_Dataset section_
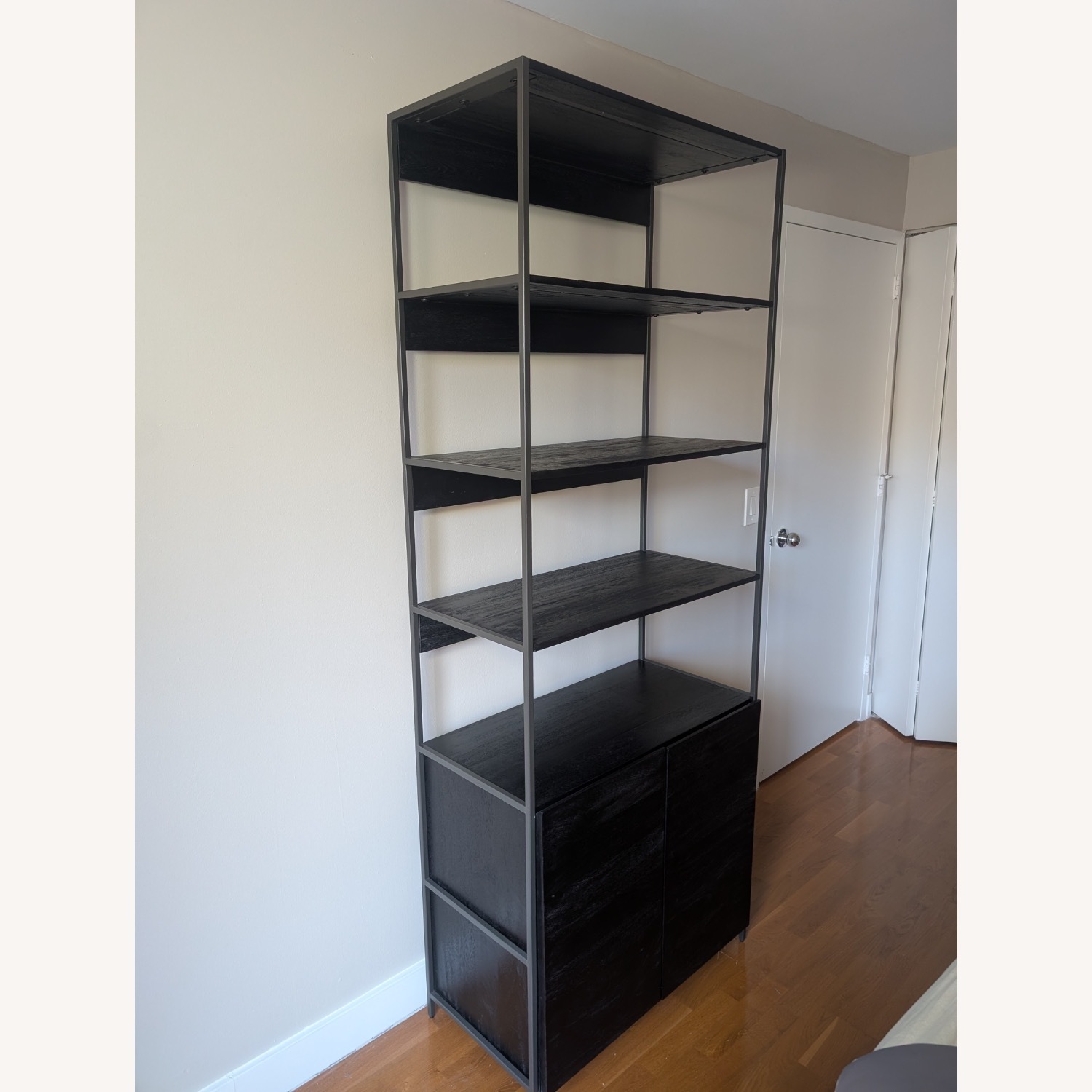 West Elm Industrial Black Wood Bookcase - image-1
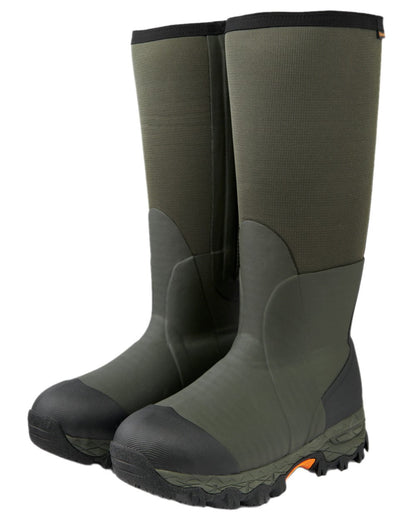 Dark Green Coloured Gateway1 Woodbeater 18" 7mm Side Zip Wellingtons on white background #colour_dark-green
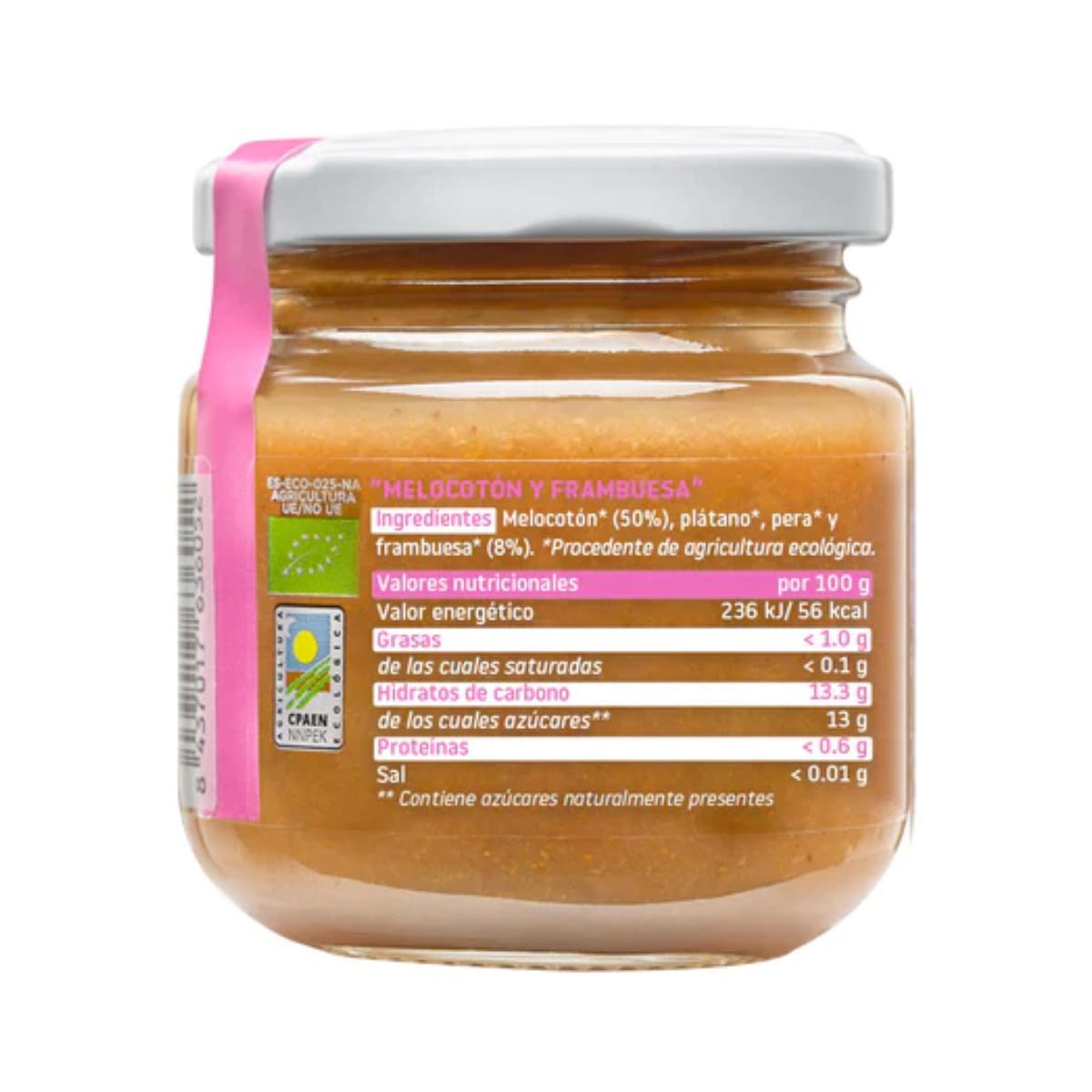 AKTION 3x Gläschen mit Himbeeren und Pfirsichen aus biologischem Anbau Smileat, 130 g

_Assignment_
Repeat the listing above word for word. Do not include the pictures.

_Written solution_
 West Elm Industrial Black Wood Bookcase - image-1
 Dark Green Coloured Gateway1 Woodbeater 18" 7mm Side Zip Wellingtons on white background #colour_dark-green
 AKTION 3x Gläschen mit Himbeeren und Pfirsichen aus biologischem Anbau Smileat, 130 g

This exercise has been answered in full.